Não bastasse a fraca procura interna por produtos e serviços, a economia brasileira encontra, no cenário externo, dificuldade adicional a sua tentativa de retomada. Sem sinais de trégua na guerra comercial entre Estados Unidos e China, o crescimento do Produto Interno Bruto (PIB) mundial deve perder fôlego, o que acende a ameaça de crise global nos próximos anos. Além de provocar efeitos no mercado financeiro, com a desvalorização do real frente ao dólar, o quadro tende a abalar exportações de países emergentes, como é o caso do Brasil.
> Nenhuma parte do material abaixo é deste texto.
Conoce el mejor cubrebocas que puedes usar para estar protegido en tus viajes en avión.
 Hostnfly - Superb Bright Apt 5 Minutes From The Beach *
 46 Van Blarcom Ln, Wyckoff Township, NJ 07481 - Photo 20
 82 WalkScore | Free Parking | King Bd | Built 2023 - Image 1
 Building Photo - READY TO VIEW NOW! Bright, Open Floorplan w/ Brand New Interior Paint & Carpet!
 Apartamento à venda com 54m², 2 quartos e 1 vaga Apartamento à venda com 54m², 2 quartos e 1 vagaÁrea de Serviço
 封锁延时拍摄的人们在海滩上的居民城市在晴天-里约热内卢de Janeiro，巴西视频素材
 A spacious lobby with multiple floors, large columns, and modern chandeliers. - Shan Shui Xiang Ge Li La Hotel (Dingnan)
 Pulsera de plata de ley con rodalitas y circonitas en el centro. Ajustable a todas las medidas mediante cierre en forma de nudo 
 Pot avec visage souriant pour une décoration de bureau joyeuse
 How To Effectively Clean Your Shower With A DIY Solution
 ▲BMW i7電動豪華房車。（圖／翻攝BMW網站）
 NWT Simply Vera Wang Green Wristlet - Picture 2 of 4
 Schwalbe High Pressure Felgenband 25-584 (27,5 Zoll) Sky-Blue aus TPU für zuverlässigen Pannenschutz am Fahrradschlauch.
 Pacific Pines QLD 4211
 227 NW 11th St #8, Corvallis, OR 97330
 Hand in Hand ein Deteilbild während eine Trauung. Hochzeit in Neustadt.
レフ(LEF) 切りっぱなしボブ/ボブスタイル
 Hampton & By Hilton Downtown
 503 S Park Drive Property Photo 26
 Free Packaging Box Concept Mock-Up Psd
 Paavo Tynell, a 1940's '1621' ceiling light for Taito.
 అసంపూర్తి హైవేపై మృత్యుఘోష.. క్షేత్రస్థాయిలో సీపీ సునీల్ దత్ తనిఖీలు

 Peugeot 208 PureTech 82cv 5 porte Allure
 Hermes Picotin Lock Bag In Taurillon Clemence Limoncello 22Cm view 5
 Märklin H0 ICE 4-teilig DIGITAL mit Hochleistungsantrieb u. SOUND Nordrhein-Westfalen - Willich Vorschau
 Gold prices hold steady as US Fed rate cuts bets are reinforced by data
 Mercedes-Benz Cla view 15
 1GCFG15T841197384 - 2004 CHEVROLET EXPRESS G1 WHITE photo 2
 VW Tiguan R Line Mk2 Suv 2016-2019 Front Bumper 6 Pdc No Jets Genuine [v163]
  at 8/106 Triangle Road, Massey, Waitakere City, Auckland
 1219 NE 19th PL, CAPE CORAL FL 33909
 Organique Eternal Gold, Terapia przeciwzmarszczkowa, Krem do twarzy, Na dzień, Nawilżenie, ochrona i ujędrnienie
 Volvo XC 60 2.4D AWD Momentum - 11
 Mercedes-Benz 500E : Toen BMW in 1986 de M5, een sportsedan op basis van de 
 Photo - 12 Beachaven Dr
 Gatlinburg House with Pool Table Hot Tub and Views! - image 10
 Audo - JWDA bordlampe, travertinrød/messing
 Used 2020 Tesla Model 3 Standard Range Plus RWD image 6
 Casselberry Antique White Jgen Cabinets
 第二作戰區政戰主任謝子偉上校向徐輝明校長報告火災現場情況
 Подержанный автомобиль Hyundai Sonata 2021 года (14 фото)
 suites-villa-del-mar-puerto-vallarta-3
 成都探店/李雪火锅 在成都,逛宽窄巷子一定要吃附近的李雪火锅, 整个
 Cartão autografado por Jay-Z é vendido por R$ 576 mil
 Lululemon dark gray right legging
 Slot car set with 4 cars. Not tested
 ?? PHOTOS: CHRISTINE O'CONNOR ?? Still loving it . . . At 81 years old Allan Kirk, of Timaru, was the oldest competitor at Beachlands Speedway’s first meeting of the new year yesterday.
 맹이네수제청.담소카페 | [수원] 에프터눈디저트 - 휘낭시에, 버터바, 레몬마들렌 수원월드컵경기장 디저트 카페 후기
Os temores ganham força no momento em que a economia nacional ainda patina. No segundo trimestre, o PIB do país avançou 0,4%, conforme dados recentes do Instituto Brasileiro de Geografia e Estatística (IBGE). Apesar de ter afastado o fantasma da recessão técnica, o resultado reforça a leitura de que a reação caminha a passos lentos.
– A economia mundial está desaquecendo. Em outras crises vividas pelo país, o setor externo ajudou de alguma forma, com alta nas exportações. A situação agora é contrária. O cenário internacional deve atrapalhar – afirma o economista Nelson Marconi, professor da Fundação Getulio Vargas (FGV).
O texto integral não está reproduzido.